This agreement, forged between the region’s wealthiest monarchy and the only Muslim-majority nuclear-armed state, does not merely institutionalize bilateral defense ties. It also raises profound questions about the shifting foundations of Middle Eastern security architecture. Is this pact directed at Iran, Israel, or even India? Or is it less about a specific adversary and more about announcing Saudi Arabia’s entry into a new phase of strategic autonomy? The answers remain elusive, but the implications are immense.

A Shift Away from Washington’s Umbrella
For decades, the Gulf’s security order rested on the American shield—U.S. aircraft carriers in the Gulf, Patriot missiles in Saudi deserts, and American troops stationed across Bahrain, Qatar, and Kuwait. That confidence has been eroded by Washington’s increasingly selective engagement in regional conflicts and its perceived failures to deter threats against Gulf allies. From the attack on Saudi oil facilities in 2019 to Washington’s hesitant responses to Israeli escalations, the Gulf states now see U.S. guarantees as fragile promises, not ironclad commitments.

By reaching out to Pakistan, Saudi Arabia has signaled that it no longer wishes to live under the shadow of American unreliability. The agreement reflects Riyadh’s urgent desire to craft parallel security networks that bypass the fading Pax Americana. Pakistan, with its experienced military establishment and nuclear arsenal, emerges as a natural partner for such ambitions.

The Historical Fabric of the Saudi–Pakistani Military Bond
Although the sudden signing of the SMDA startled many, the relationship is anything but new. Pakistan and Saudi Arabia have been bound by defense ties since the mid-20th century. In the 1960s, under President Ayub Khan and King Faisal, Pakistani officers were already shaping the foundations of the Saudi Air Force.
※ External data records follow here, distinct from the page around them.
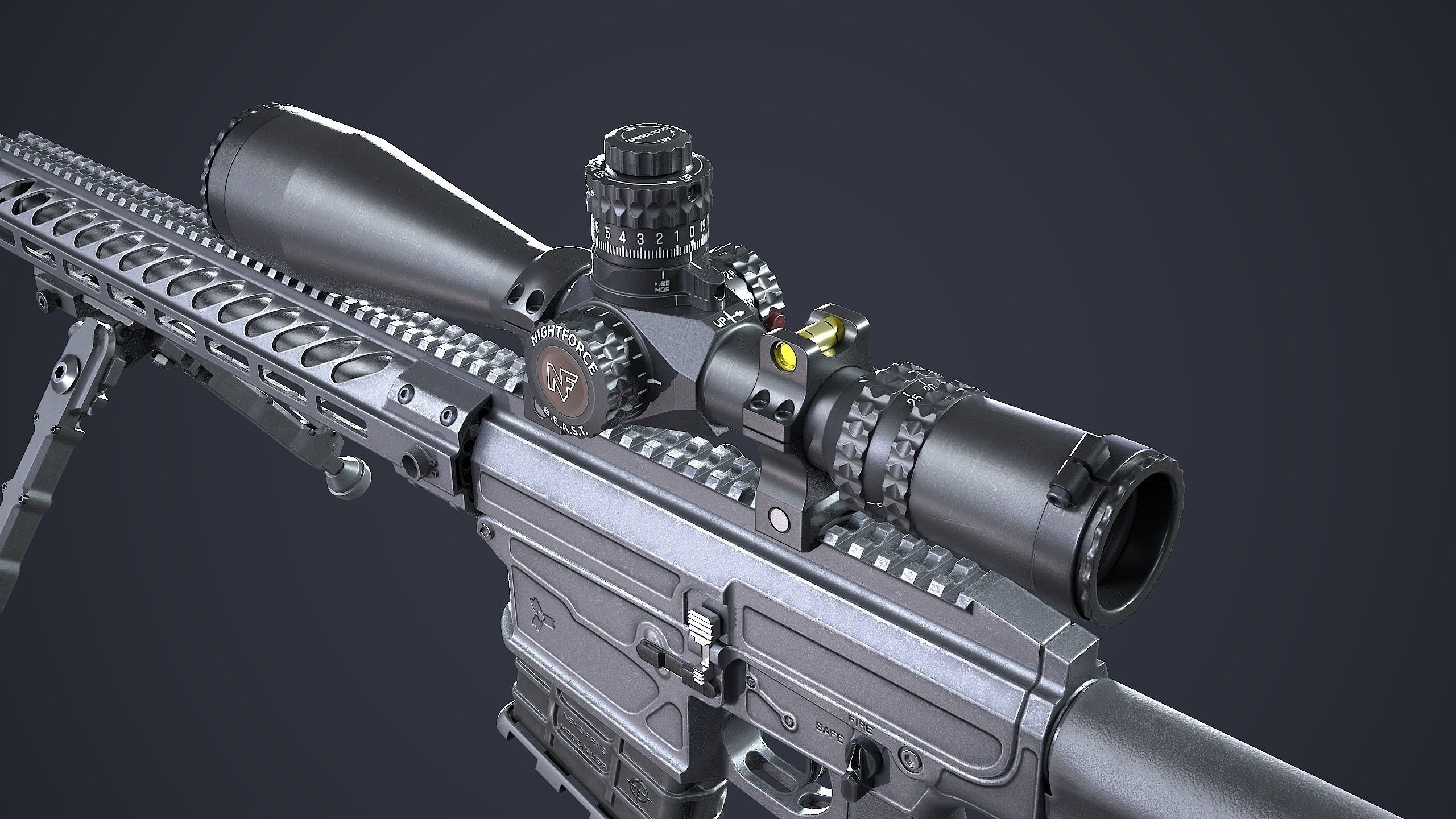 Sniper Rifle OMEN  300 WIN MAG Low-poly 3D model_9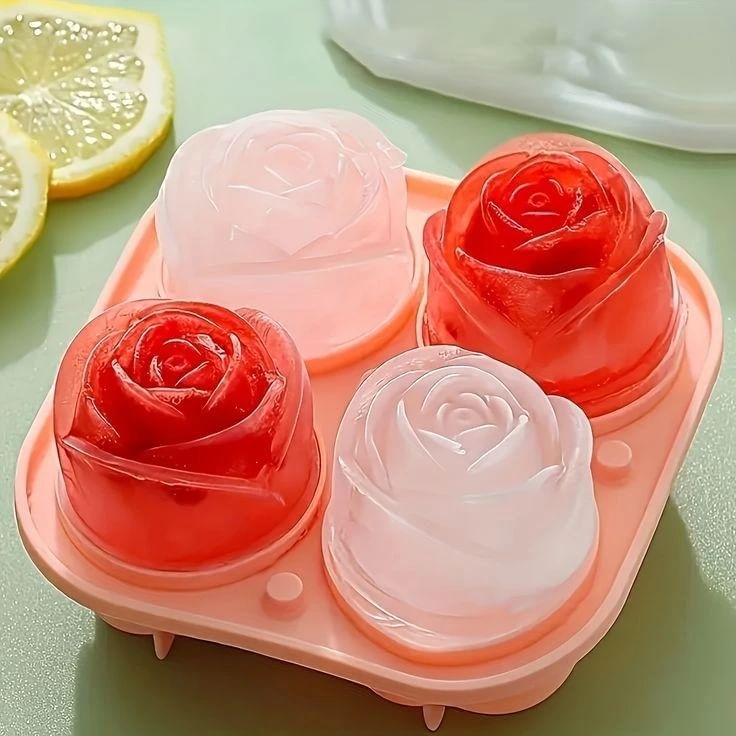 4-Grid Silicone Rose Ice Mold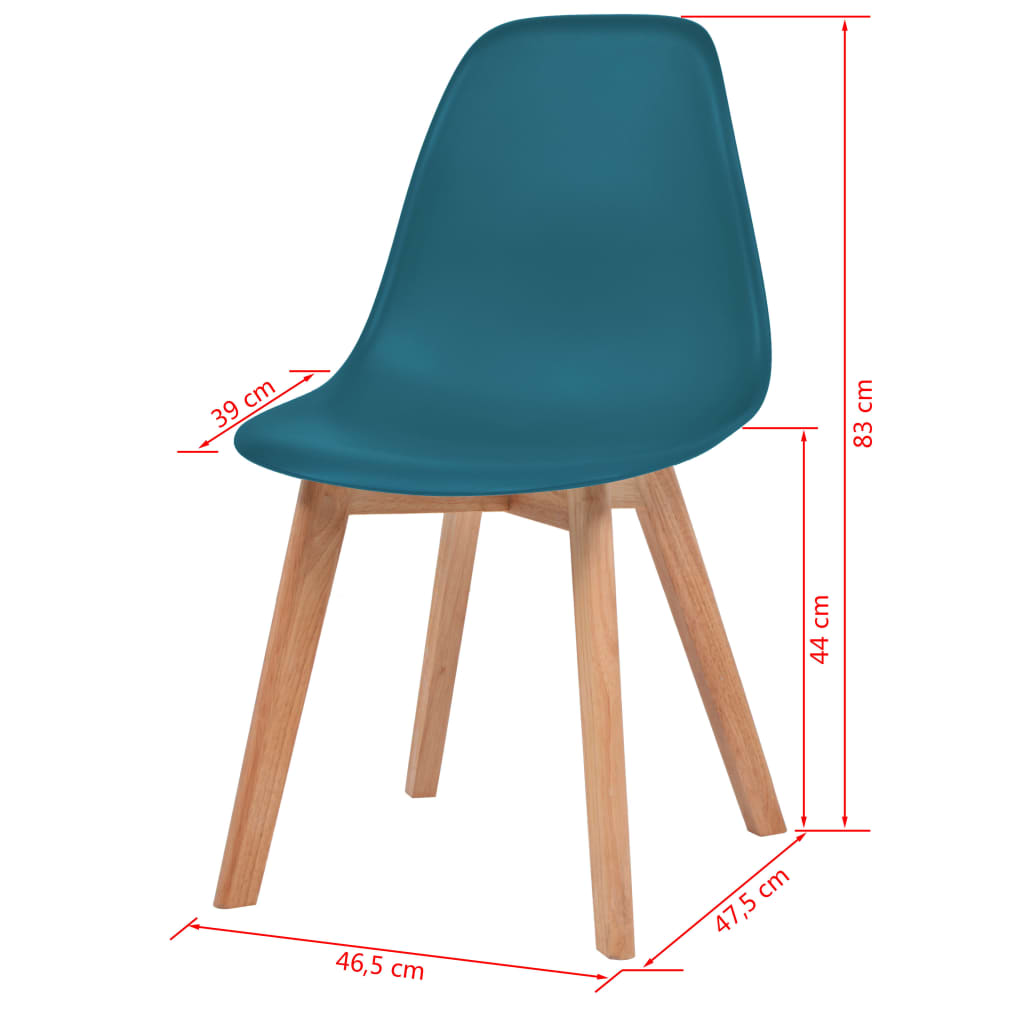 Chaises à manger lot de 2 turquoise plastique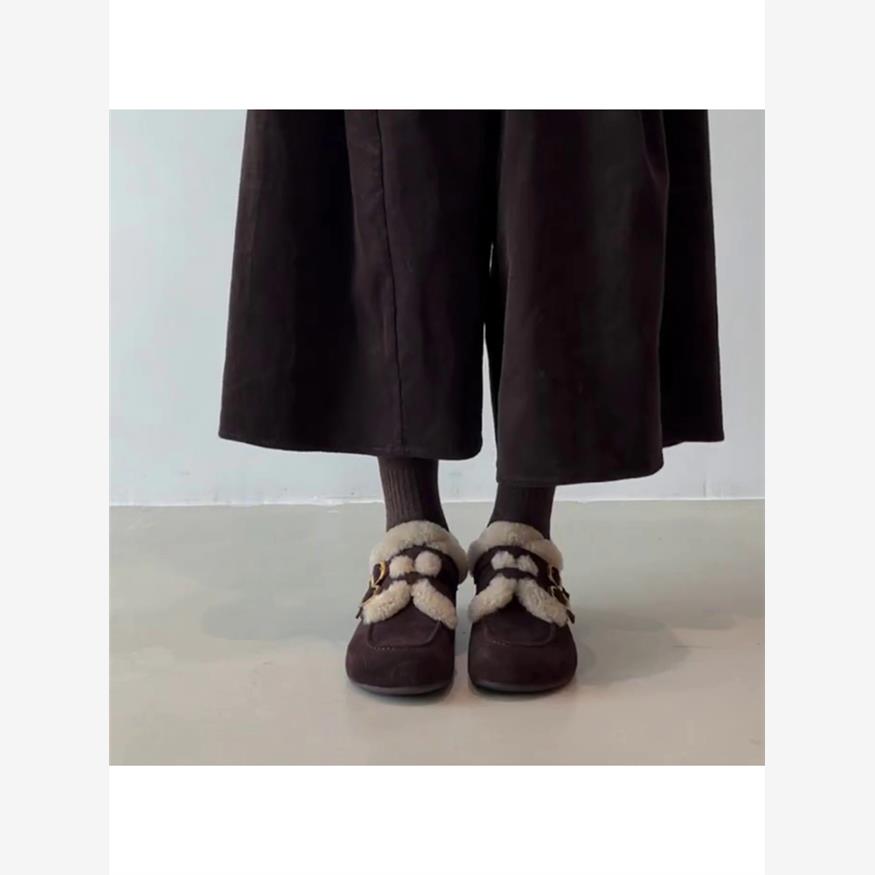 羊皮版~韩版厚底简约百搭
Trainers, advisors, and engineers from Pakistan embedded themselves deeply into Saudi defense institutions, while Saudi officers trained in Pakistani academies.
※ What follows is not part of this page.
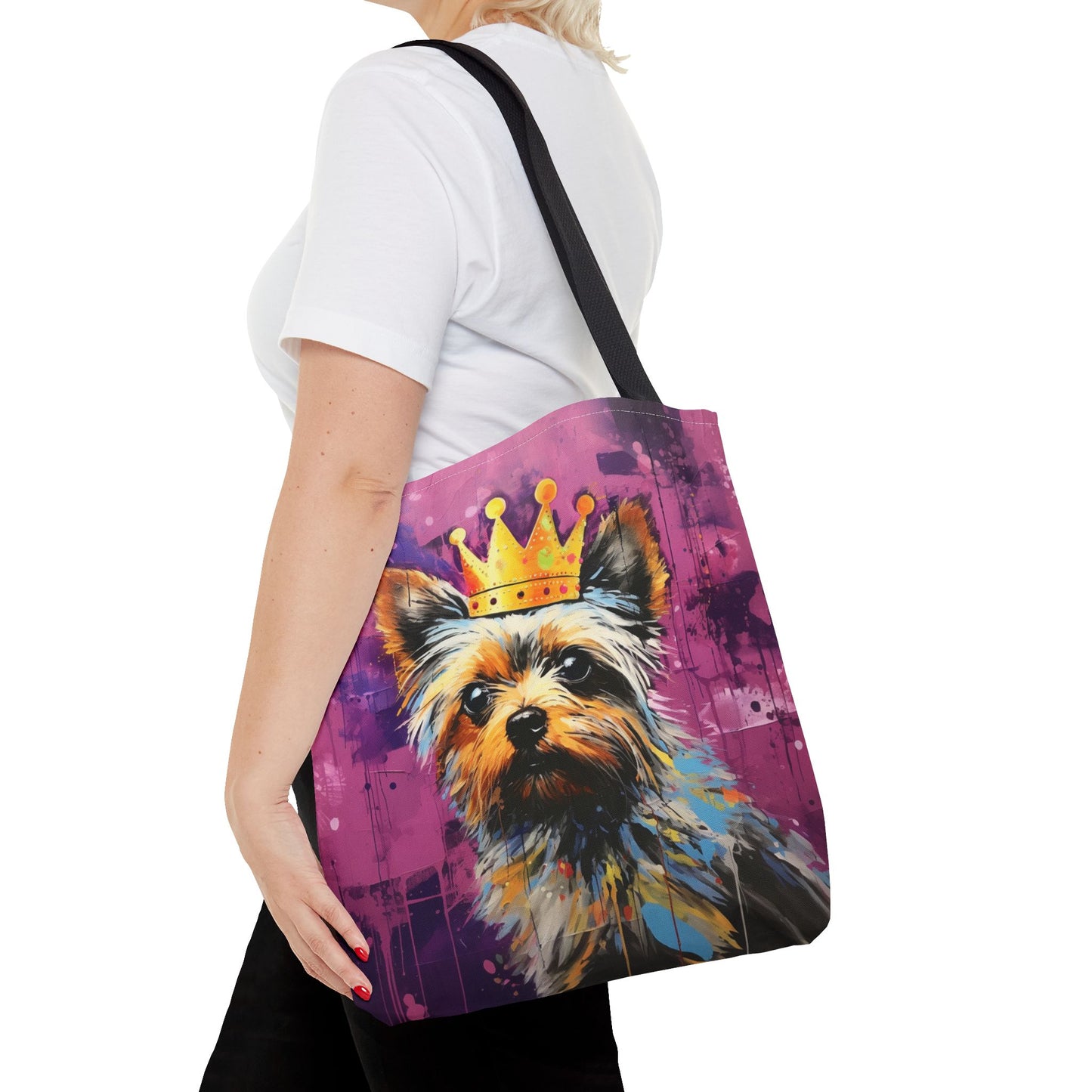 Regal Yorkie Crown Tote Bag – Artistic Eco-Friendly Canvas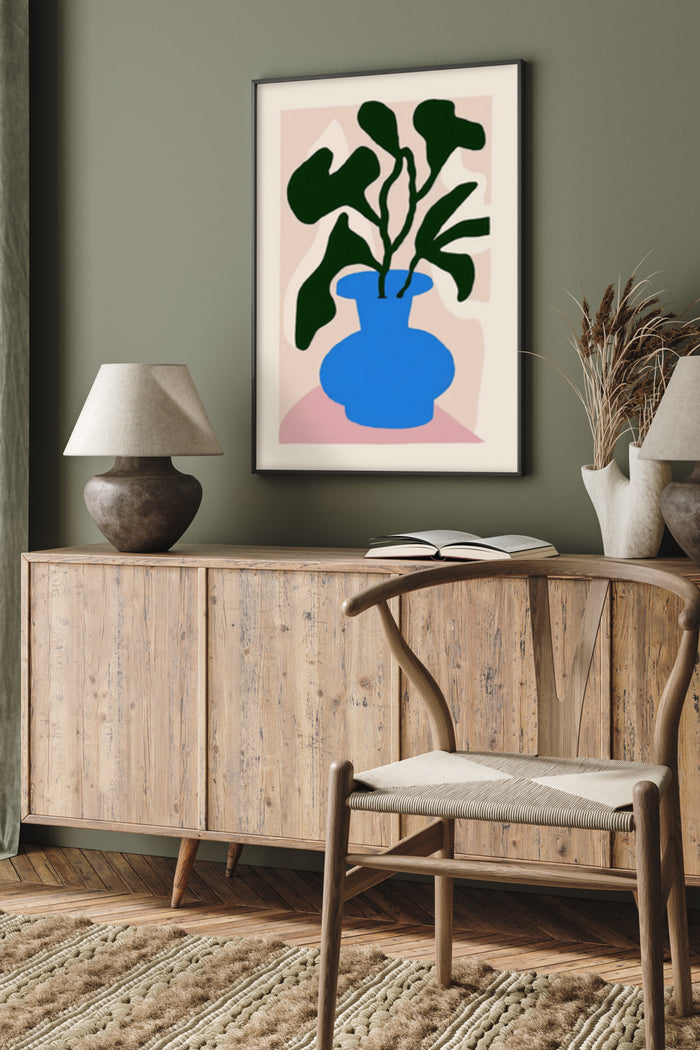 Modern Abstract Plant Artwork in Blue Vase Framed Poster in Stylish Interior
The first formal defense accord between the two states came in 1967, signed by Prince Sultan bin Abdul Aziz, then Saudi defense minister. From that point on, Pakistan became a cornerstone of Saudi defense modernization. Hundreds of Pakistani officers served across Saudi Arabia during the late 1960s and 1970s, while thousands of Saudi personnel were trained in Pakistani facilities. In effect, Pakistan helped build the scaffolding of the Saudi military, establishing a defense partnership rooted in shared Islamic identity and mutual dependence.

The new SMDA, therefore, is not the birth of an alliance but the codification of a long-gestating relationship. Yet, in the context of the present turmoil, the institutionalization of this bond carries fresh strategic weight.

Who Is the Agreement Really Targeting?
The core question troubling analysts is straightforward: who—or what—is the real target of this agreement? Some argue that Iran remains the most obvious adversary. Saudi Arabia has long feared Tehran’s regional networks, from Hezbollah in Lebanon to the Houthis in Yemen. But others caution against reading the agreement so narrowly, especially after Riyadh and Tehran began a fragile rapprochement under Chinese mediation in 2023.

Could it then be Israel? The timing is suggestive. The Israeli strike on Doha rattled Gulf leaders, and Saudi Arabia, despite its cautious flirtations with normalization under the Abraham Accords framework, has never abandoned its suspicion of Israeli aggression. Partnering with Pakistan, a country without formal ties to Israel, allows Riyadh to hedge against Tel Aviv’s unpredictable militarism. Another possibility is that the agreement is not aimed at a single adversary but designed to elevate Saudi Arabia’s strategic leverage across multiple fronts. By formalizing defense ties with Pakistan, Riyadh sends a message to Tehran, Tel Aviv, New Delhi, and even Washington: Saudi Arabia is not bound to any one protector and can draw strength from alternative partnerships.

Pakistan’s Calculus: From Regional to Global Player
For Islamabad, the SMDA is more than a bilateral pact—it is a geopolitical elevation. Pakistan has long seen itself as a defender of the Muslim world, a claim rooted in its founding narrative and bolstered by its nuclear capability. Yet, for decades, Pakistan’s foreign policy was largely confined to South Asia, dominated by its rivalry with India and its entanglement in Afghanistan.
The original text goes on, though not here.